2021年1月30日放送分 ネタバレ注意!
鬼は外ビーンズ(藤子・F・不二雄大全集『ドラえもん』第15巻収録)
「歌の練習がやりたい」という理由で、毎日自分の家にやってくるジャイアンに悩むスネ夫。
スネ夫のことをかわいそうに思ったのび太くんは、ドラえもんの『鬼は外ビーンズ』を使ってジャイアンを家から追い出そうとするのですが・・・。
今週の1本目は節分回。
スネ夫の家から追い出したい相手であるジャイアンを、このお話では「鬼」に見立てているわけですね。
現実世界と同様に、アニメの世界でも鬼退治だ!
いちおう、スネ夫くんの中の人は「風柱」こと不死川実弥の中の人でもあるので、
このお話を『鬼滅の刃』と強引に結び付けながら鑑賞してみるのも、面白いかもしれません。
あの風柱でも倒せない鬼が、ここにいた?
なお、今年の節分はいつもと違い、2月2日が節分の日となっている。
これは暦の関係によるものであり、節分の日が2月2日になるのは実に124年ぶりとのことらしい。
「節分」という文化は、それくらい太古の時代から続いている行事であるわけですが、
アニオリでないドラえもんのひみつ道具で「節分にまつわる道具」に関しては、今回登場した『鬼は外ビーンズ』と『おにロボット』の2つくらいしかない気がする。
日本古来の文化なんだから、もうちょっと道具のバリエーションがあってもいいんじゃないだろうか?

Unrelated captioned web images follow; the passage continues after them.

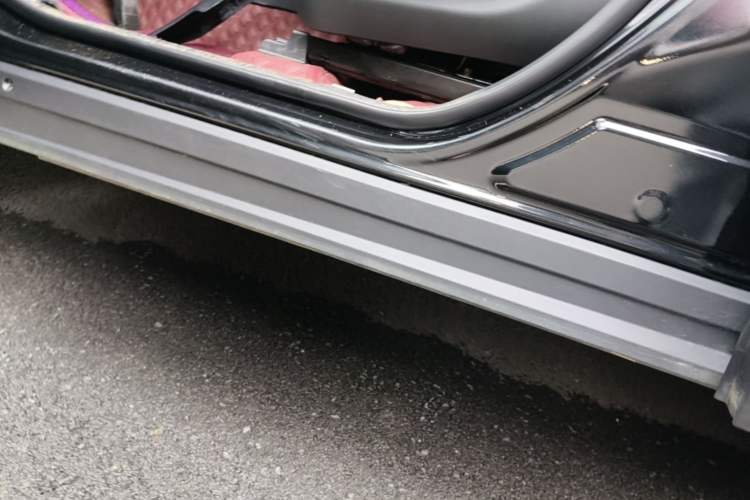 Used Toyota RAV4 2023 Dual-Motor 2.5L E-CVT Two-Wheel Drive Elite Edition Left Side Sill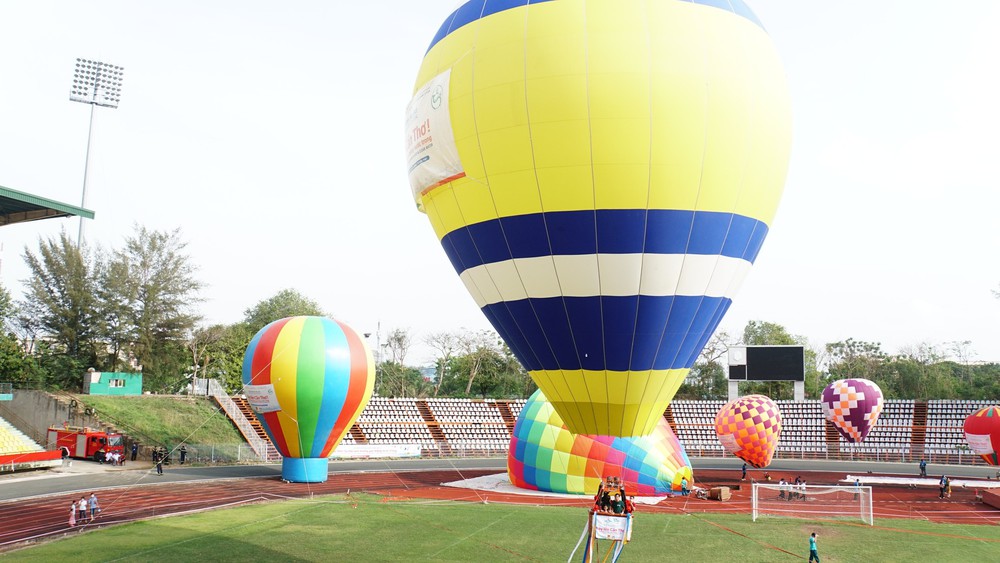 Chủ tịch thành phố Cần Thơ trải nghiệm bay khinh khí cầu - Ảnh 13.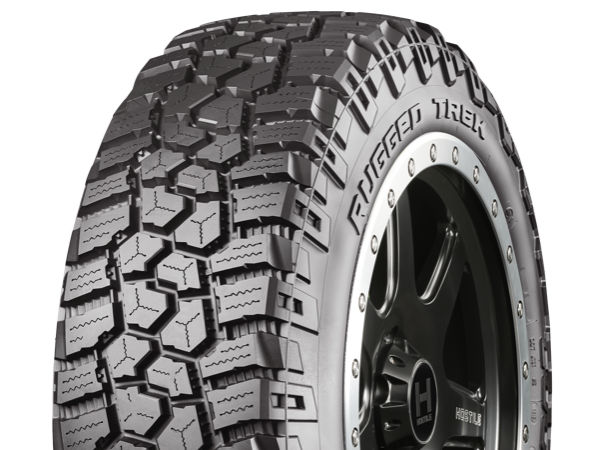 Erstmals bei einem Cooper-Reifen haben Kunden bei dem „Discoverer Rugged Trek” für Pick-ups und SUVs die Wahl zwischen zwei verschiedenen Seitenwanddesigns namens „Knife-Edge“ oder „Mountain Pass“ (Bild: Cooper Tire)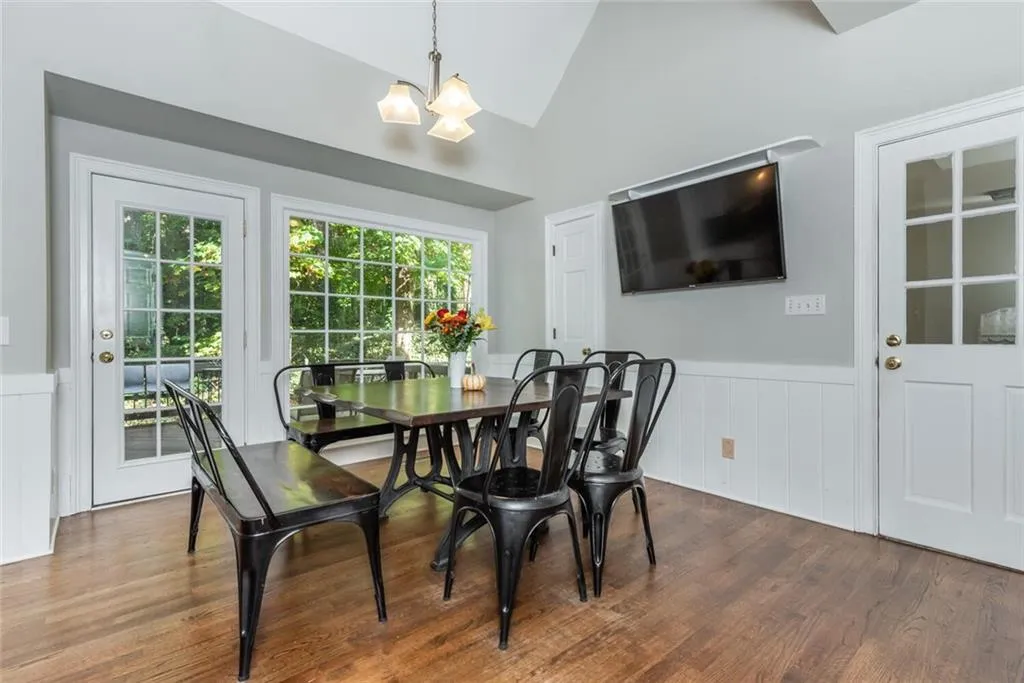 7420 Princeton Trace, Sandy Springs, Georgia 30328, 4 Bedrooms Bedrooms, ,3 BathroomsBathrooms,Residential,Sold,7420 Princeton Trace,6800997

「シーズンものはそのシーズンの時しか売れない」という教えは、商売の鉄則でたまーに聞く気がするけど、
その鉄則が未来の世界でも生きているせいで、「節分っぽい道具」もあまり作られない傾向にあるのかもしれない。
たしかに、節分で大活躍しそうな『おにロボット』も、
節分の日を過ぎたら、その後1年間は売り場の隅でホコリをかぶっていそうだ。
まあ、どうでもいい妄想を長々と語ってしまいましたが、
「『節分の日に関するひみつ道具』が少ない理由」をマジレスすると、
おそらく藤子F先生の中で、節分ネタでお話をつくろうとする動機がそんなになかっただけなんだと思います。
そもそも節分は、「豆を投げる」くらいしかやることを思いつけないというのもある。
むしろ、「節分っぽい道具」が2つあるだけでも十分なのでは? (問題発言)
『鬼は外ビーンズ』は、豆(マメ)をぶつけることで、
相手をテレポーテーションで家の外に追い出してしまう効果をもっている。
『エスパー魔美』こと、佐倉魔美がテレポーテーションをするときも、
自らにウメ仁丹をぶつけることで瞬間移動をしていたけど、この『鬼は外ビーンズ』の効果もそれに近い原理なように思えてしょうがない。
ということは、あのマメが何かしらの物体に衝突した際に、
テレポーテーションができるくらいのエネルギーが発現されるって感じなんでしょうかね。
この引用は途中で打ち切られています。